An exact copy is required of every line from the one with "It was powered" through the end of the data below, and the pictures must stay out of it.

__Data shown__:
════════
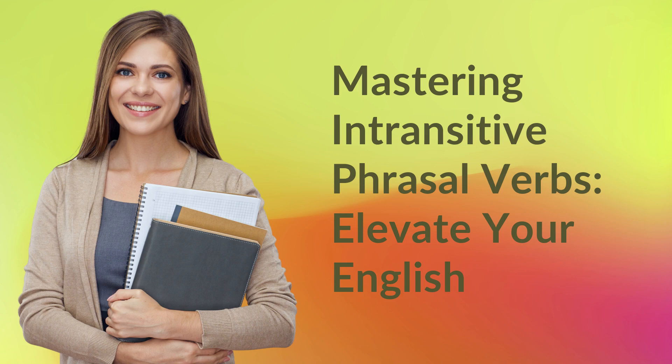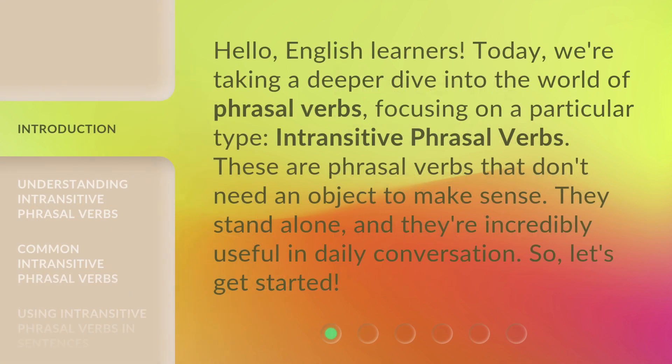Mastering Intransitive Phrasal Verbs — elevate your English. Hello, English learners. Today, we're taking a deeper dive into the world of phrasal verbs, focusing on a particular type: intransitive phrasal verbs. These are phrasal verbs that don't need an object to make sense. They stand alone, and they're incredibly useful in daily conversation. So, let's get started.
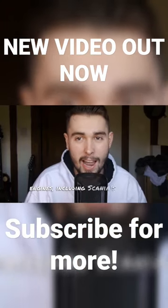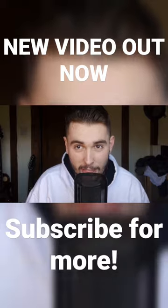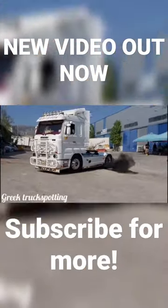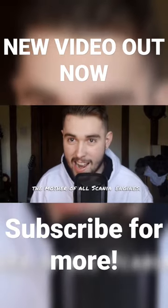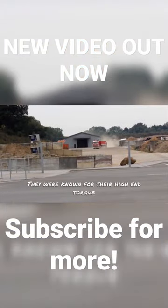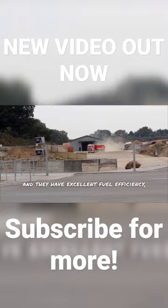It was powered by a range of engines, including Scania's own V8 — the mother of all Scania engines. They were known for their high-end torque and excellent fuel efficiency, apparently.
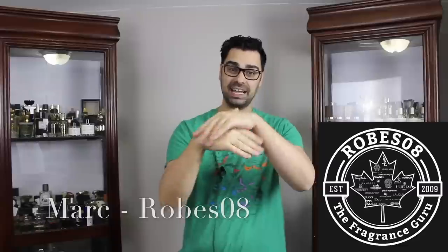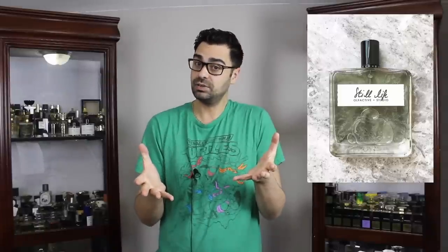What's going on, YouTube fragrance family? Welcome to my series of sampling samples. Today I'm going to be sampling from the house of Olfactive Studio, their 2011 release called Still Life. I think this was the hype train for this brand on YouTube back in the day, and it had stellar reviews.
════════
__Task output__:
It was powered by a range of engines, including Scania's own V8 — the mother of all Scania engines. They were known for their high-end torque and excellent fuel efficiency, apparently.
What's going on, YouTube fragrance family? Welcome to my series of sampling samples. Today I'm going to be sampling from the house of Olfactive Studio, their 2011 release called Still Life. I think this was the hype train for this brand on YouTube back in the day, and it had stellar reviews.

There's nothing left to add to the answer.